# YOUR ASSIGNMENT
Two lines in the data below mark the range: the one with "THW Prospect Corner'" and the one with "The Mayor Of". Return both, along with every line between them, exactly.

# RAW DATA
********

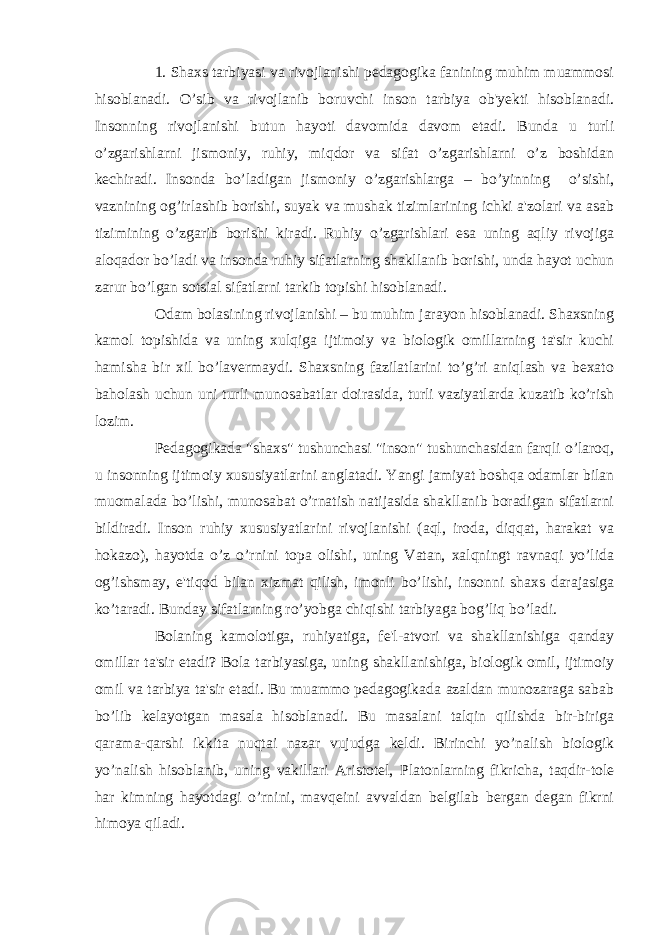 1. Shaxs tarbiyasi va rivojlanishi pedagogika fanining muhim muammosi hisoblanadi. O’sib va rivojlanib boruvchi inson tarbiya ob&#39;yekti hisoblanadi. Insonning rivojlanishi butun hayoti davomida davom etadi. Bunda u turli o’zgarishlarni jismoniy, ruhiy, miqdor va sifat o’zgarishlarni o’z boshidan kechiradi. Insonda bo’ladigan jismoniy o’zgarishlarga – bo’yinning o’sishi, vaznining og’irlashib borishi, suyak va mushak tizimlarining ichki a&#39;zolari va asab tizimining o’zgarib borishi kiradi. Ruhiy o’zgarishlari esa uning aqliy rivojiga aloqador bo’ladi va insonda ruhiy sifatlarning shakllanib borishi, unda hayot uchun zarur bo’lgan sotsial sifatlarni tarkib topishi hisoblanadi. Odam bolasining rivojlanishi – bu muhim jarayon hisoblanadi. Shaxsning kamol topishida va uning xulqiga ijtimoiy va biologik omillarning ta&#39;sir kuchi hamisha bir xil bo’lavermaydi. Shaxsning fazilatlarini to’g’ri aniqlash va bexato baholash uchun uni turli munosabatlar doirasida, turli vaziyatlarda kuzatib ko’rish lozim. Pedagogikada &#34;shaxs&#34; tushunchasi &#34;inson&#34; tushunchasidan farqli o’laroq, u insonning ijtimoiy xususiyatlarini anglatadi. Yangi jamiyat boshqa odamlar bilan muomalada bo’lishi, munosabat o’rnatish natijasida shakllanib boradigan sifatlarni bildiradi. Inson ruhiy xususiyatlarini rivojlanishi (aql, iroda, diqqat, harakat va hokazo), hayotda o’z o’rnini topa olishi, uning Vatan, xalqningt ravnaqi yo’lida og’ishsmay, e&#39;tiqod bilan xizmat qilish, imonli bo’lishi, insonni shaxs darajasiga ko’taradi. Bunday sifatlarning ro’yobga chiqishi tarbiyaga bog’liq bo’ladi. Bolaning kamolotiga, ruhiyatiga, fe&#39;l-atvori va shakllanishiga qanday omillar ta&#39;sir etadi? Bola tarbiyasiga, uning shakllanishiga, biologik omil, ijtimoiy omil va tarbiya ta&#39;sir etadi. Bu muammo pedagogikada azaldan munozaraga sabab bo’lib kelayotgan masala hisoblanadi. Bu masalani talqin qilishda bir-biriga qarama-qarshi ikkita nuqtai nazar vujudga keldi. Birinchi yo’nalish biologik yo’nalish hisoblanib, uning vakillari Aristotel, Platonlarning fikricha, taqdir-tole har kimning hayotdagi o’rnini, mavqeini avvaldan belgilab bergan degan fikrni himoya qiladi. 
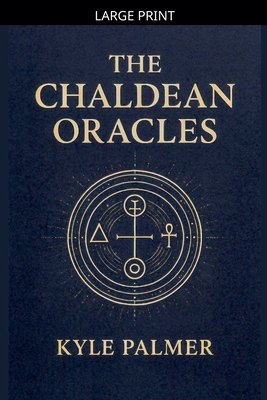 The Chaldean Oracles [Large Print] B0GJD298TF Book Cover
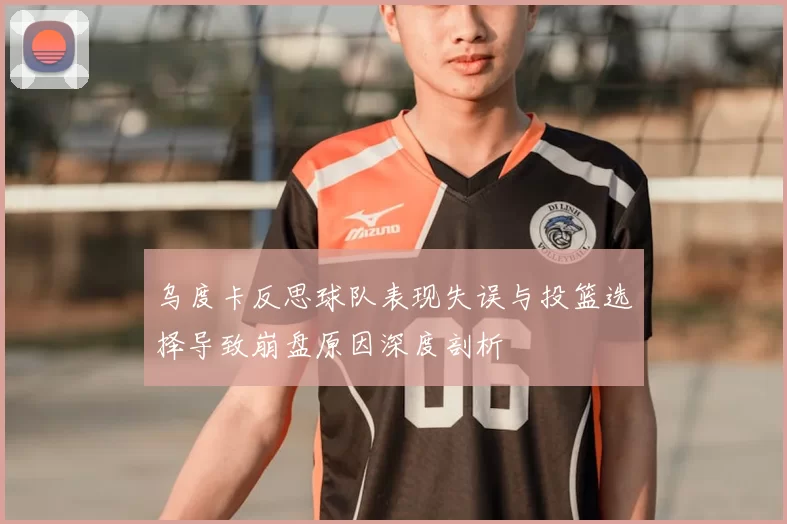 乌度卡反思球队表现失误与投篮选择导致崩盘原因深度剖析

********

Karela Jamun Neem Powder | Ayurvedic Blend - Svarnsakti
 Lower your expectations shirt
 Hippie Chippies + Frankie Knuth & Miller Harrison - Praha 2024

********

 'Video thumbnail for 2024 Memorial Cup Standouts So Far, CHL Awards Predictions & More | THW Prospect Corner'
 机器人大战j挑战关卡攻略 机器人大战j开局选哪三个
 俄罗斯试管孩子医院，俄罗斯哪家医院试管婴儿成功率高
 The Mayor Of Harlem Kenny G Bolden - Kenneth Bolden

********

# SOLUTION TO THE EXERCISE
 'Video thumbnail for 2024 Memorial Cup Standouts So Far, CHL Awards Predictions & More | THW Prospect Corner'
 机器人大战j挑战关卡攻略 机器人大战j开局选哪三个
 俄罗斯试管孩子医院，俄罗斯哪家医院试管婴儿成功率高
 The Mayor Of Harlem Kenny G Bolden - Kenneth Bolden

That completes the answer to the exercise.